Never mind that Richard Sherman was (and is) a tremendous ambassador for the NFL off the field, and that he was (and is) one of the most exciting players in the game. For many casual fans — the ones who only start paying attention to the NFL during the playoff season, but who are crucial to boost viewership — his chest-thumping diatribe against trash-talking rival Michael Crabtree of the San Francisco 49ers served as their introduction to Sherman. And many fans disliked what they saw and heard, to the point of venting their disdain with ugly, racist rants on social media.

Meantime, the Seahawks’s rivals, the Denver Broncos, featured the all-American boy, Peyton Manning, named by Sports Illustrated as the NFL player of the decade for the 2000s, and published as a co-author of a children’s book to go along with his football exploits. In a column before the game was played, Bill Plaschke of the Los Angeles Times wrote, “This year’s game is about more than just the Denver Broncos versus the Seattle Seahawks. This game is, in many public perceptions, about good versus evil.” Plaschke then described the many ways the Seahawks personify evil, and the Broncos, all that is good — with Peyton Manning versus Richard Sherman taking center stage. The die was cast. Even as the Seahawks crushed the Broncos, the game was a ratings bonanza.

Richard Sherman is the same outspoken and outstanding player he was a year ago. Since last year’s Super Bowl, as the public has become better acquainted with who Sherman really is, no one really buys into him as being anything to a bad guy.
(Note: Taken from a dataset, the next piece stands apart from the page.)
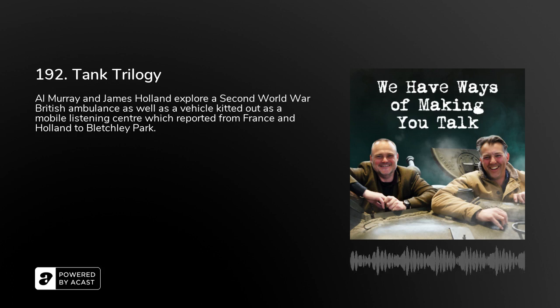Achtung, Achtung. Welcome to We Have Ways of Making You Talk. Yet again, James Holland and I are here in a treasure trove — a veritable Aladdin's cave of olive drab and dark green stuff. It's amazing. We're a bit blown away by all the tanks, and of course they're the sexy things and we get excited about those. But what I love about what Tobin's got here is just the range of British trucks.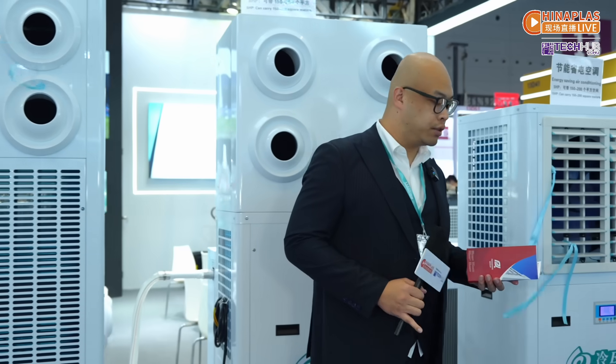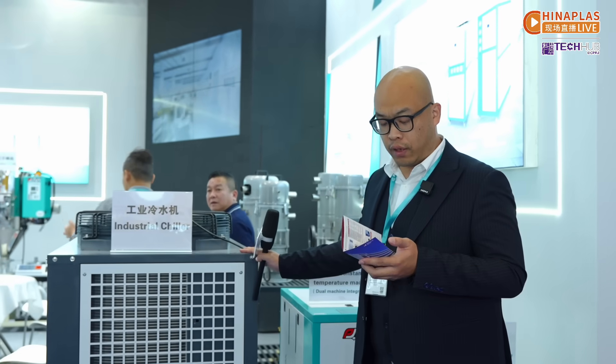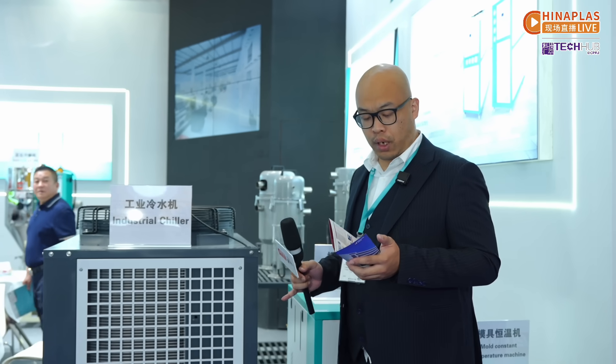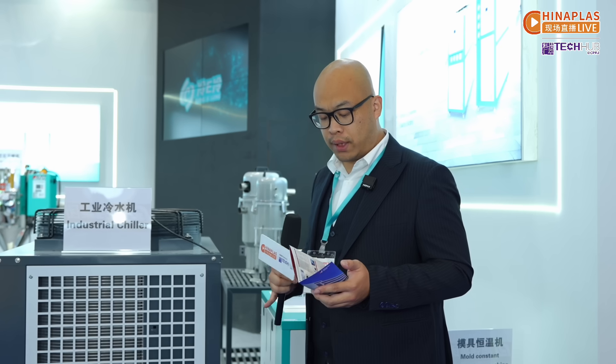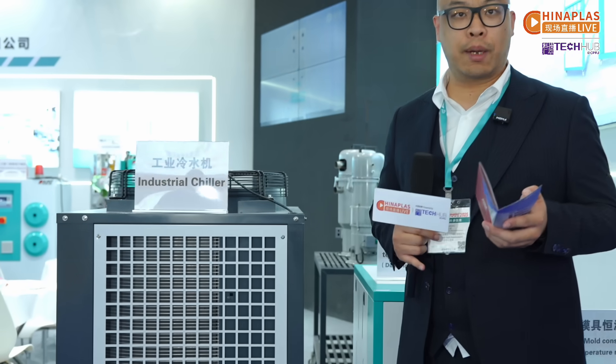Now I'm going to introduce you to our industrial chillers. Our industrial chiller is a perfect partner for injection molding. The corrosion-resistant stainless steel evaporator survives harsh environments, and multi-machine support lets you connect multiple devices to optimize resource use.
Super Bowl XLIX was actually shaping up to be a drama-free matchup of two teams that have been there, done that — until deflategate.

Now we have a heroes-versus-villains drama. The Seahawks are basking in the happy afterglow of the team’s stunning comeback victory against the Green Bay Packers in the NFC Championship game. Sherman is as outspoken as ever, taking shots at the Patriots and Tom Brady in the run-up to the Super Bowl — but this time, he is saying what is probably on the minds of many fans, and, oh, he’s also giving away his jersey to a young fan.

Meantime, the Patriots are defending their actions in the glare of pre-Super Bowl press conferences, and the more they talk, the worse they sound. On January 22, Brady conducted a “train wreck of a press conference,” and Coach Bill Belichick did not fare much better during a January 24 press conference. It does not help that the Patriots were fined for cheating in 2007 and that Belichick plays the perfect bad guy role, coming across as a prickly grump who sucks all the joy out of a room. Fans are taking the bait: the Patriots, Bill Belichick, and Tom Brady are among the top trending Google searches in recent days. And the woeful press conferences achieved cultural relevancy through a January 24 Saturday Night Live skit that lampooned the Patriots.

The die has been cast again: good guys against bad guys. It’s all mythic hype, of course. But so long as we willingly suspend disbelief, the NFL will play along.